Karanfil, currently the associate dean for research in the College of Engineering and Science, is an environmental engineer whose research on improving municipal water quality has been funded with nearly $10 million. He joined the Clemson faculty in 1996 and was chair of the environmental engineering and Earth sciences department prior to assuming his current post in 2014.
As vice president for research, Karanfil will steer the university’s research strategy, which includes working closely with faculty and staff at Clemson and with collaborators in industry and the community. He will oversee the management of a portfolio that spans the gamut of science and innovation: advanced materials, cyber-infrastructure, big data science, energy, transportation, advanced manufacturing, health innovation, human resilience, sustainable environment, architecture, education, humanities and the arts.

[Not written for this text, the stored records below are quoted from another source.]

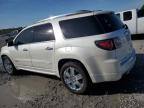 2014 Gmc Acadia Denali de vânzare în Cahokia Heights, IL - Hail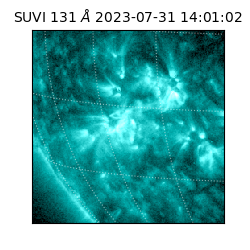 suvi - 2023-07-31T14:01:02.081000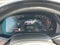 2023 BMW X6 xDrive40i xDrive40i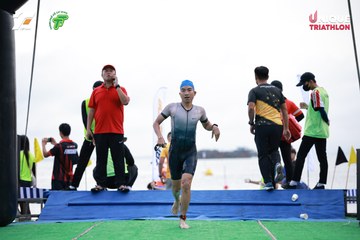 Ảnh sự kiện VIET NAM TRI FACTOR CHAMPIONSHIP x HO CHI MINH CITY CHAMPIONSHIP NĂM 2025 - 687e2da257f76c0f2119e77446388cce.jpg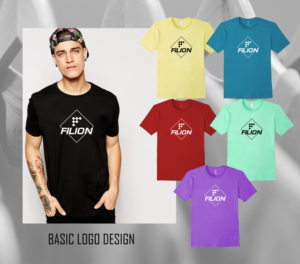Apparel Design by Heydale for this project | Design: #26266587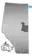 Divisions 12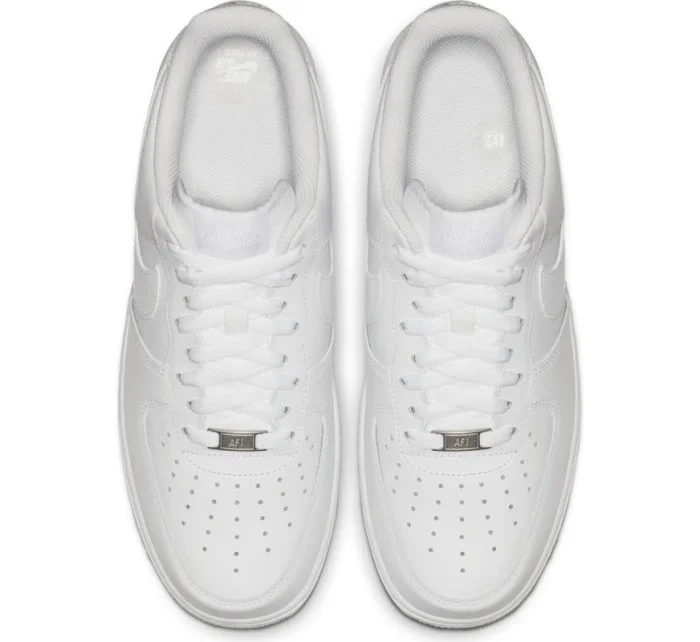 Boty Air Force 1 '07 M model 21922740 - NIKE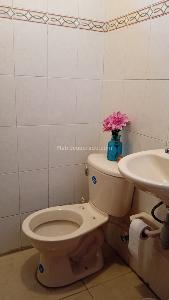 Casa en venta en La Victoria, Barranquilla · foto 15 de 18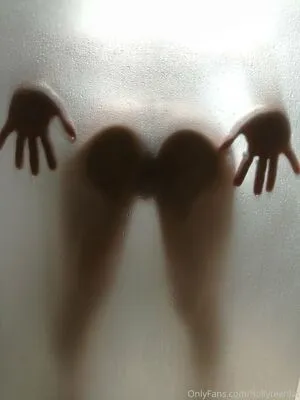 Irisgw OnlyFans Leaked Free Thumbnail Picture - #KisxarQcbI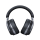 Turtle Beach Słuchawki Bezprzewodowe do XBOX Stealth 700 Gen3 Czarne - 1292106 - zdjęcie 3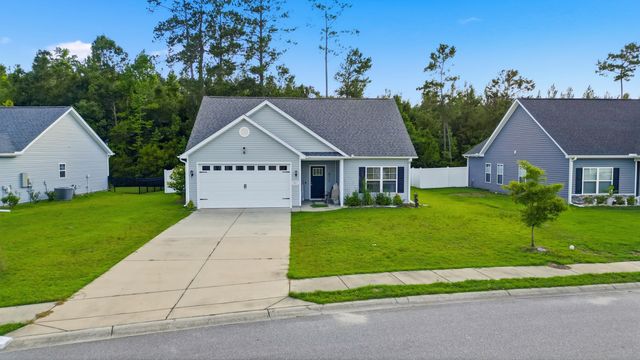 361 Shallow Cove Dr., Conway, SC 29527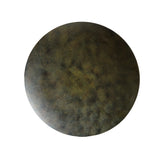 Liang & Eimil Terra Orb Wall Art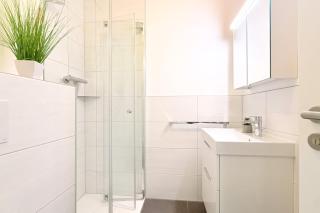 Sünnslag Wohnung 095 - 2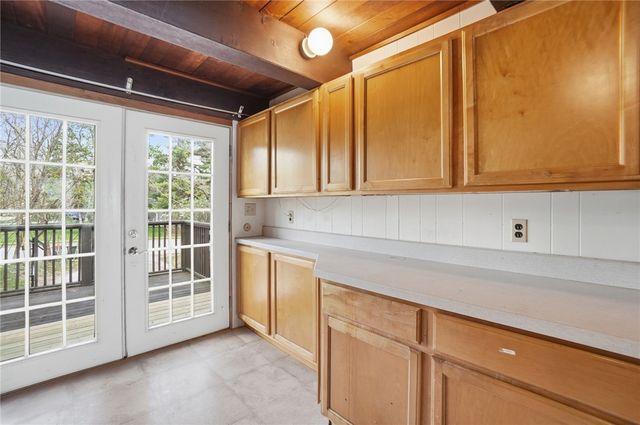 1424 Glen View Road, Yellow Springs Vlg, OH 45387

Under Dooley’s leadership, Clemson’s annual research revenues grew to more than $100 million, and the school achieved “highest research activity” status from the Carnegie Classification of Institutions of Higher Education. The number of students receiving doctoral degrees from Clemson’s Graduate School, another measure of research activity, increased from 107 in 2001 to 270 in 2015.
“Dr. Dooley has provided stability, improved organizational effectiveness and developed strategies that will help us achieve our research goals as outlined in the Clemson Forward strategic plan,” Clements said. “We will continue to benefit from his leadership for many years.”

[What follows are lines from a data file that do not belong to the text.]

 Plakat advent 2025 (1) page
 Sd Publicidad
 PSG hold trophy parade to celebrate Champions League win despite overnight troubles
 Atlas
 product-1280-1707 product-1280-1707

“This is an exciting time for research at Clemson and I am extremely grateful for the honor and responsibility of being named vice president,” Karanfil said. “Dr. Dooley set the standard for excellence, and the outstanding work by our students, faculty and the Research Division staff is second to none. I look forward to working closely with everyone, from the sciences to the humanities, to facilitate and encourage our growth in contributions to fundamental and applied research and economic development.”
Dooley joined Clemson in 1985 as professor of bioengineering and as the research director for the Bioengineering Alliance of South Carolina. He served as bioengineering department chair from 1994 to 2003 and as associate dean for research and graduate studies for the College of Engineering and Science until 2012, at which time he was asked to serve as interim dean of the College of Engineering and Science. He was appointed interim vice president for research in 2013. He will stay on at Clemson through May to help with the transition.

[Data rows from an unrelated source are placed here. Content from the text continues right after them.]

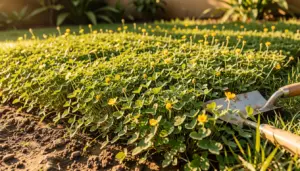 Como Plantar Grama Amendoim: Passo a Passo Para Não Errar Como Plantar Grama Amendoim: Passo a Passo Para Não Errar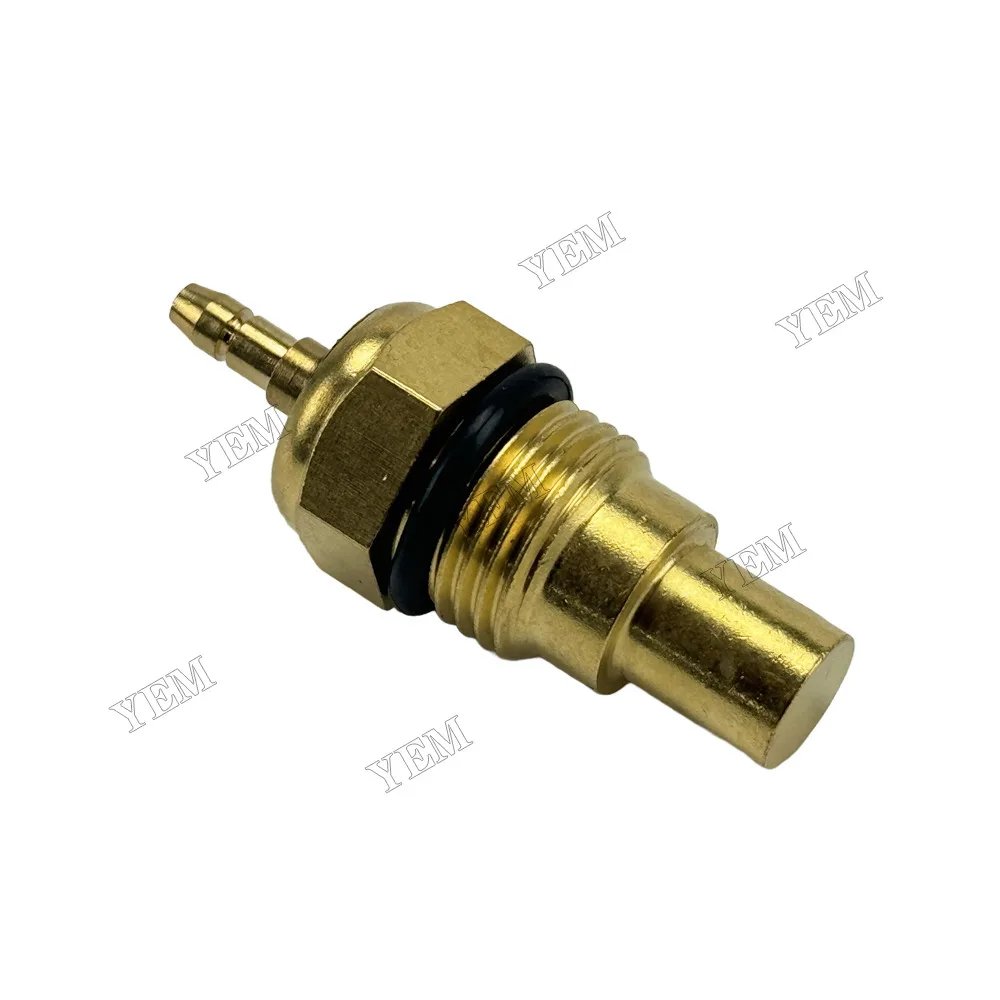 Temperature Sensor 129904-22523 Fit for Yanmar Engine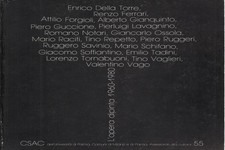 L'opera dipinta 1960-1980 -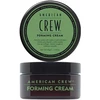 "American Crew" formuojamasis kremas 50g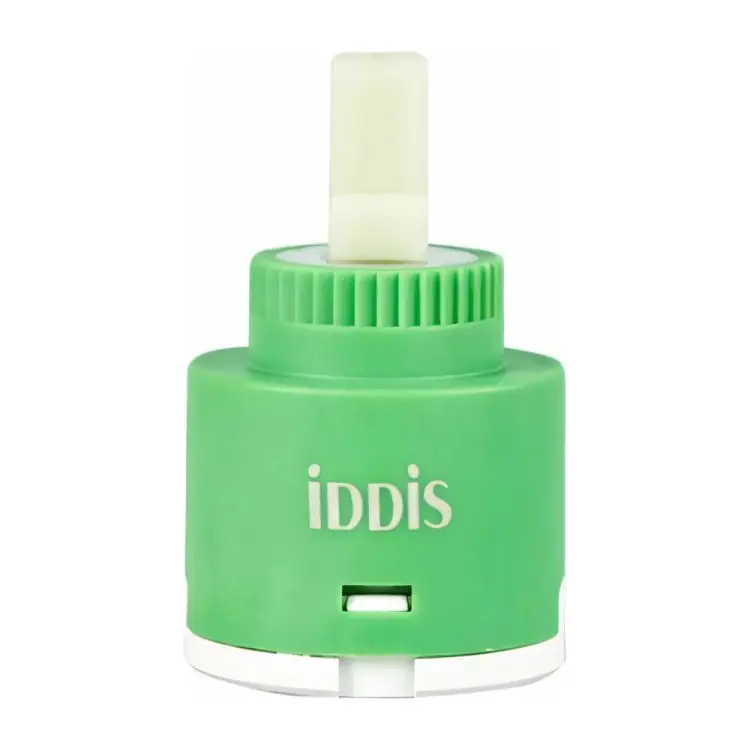 Керамический картридж для смесителя IDDIS 999C35D0SM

“Working with President Clements and Provost Jones, the staff in the Division of Research, faculty and community leaders has been a tremendous honor,” Dooley said. “For many years, Clemson research was a hidden treasure. It’s been exciting to see our contributions grow to national and international prominence, and I look forward to even greater achievements under Dr. Karanfil’s leadership.”
Karanfil earned his bachelor’s degree in environmental engineering from Istanbul Technical University and completed his graduate work – Master of Science and Ph.D. — at the University of Michigan. He is a fellow of the International Water Association, received an National Science Foundation Early CAREER Award in 2001 and mentored more than 80 graduate students and post-doctoral research associates at Clemson. He also serves as a consultant to water and wastewater utilities and consulting companies.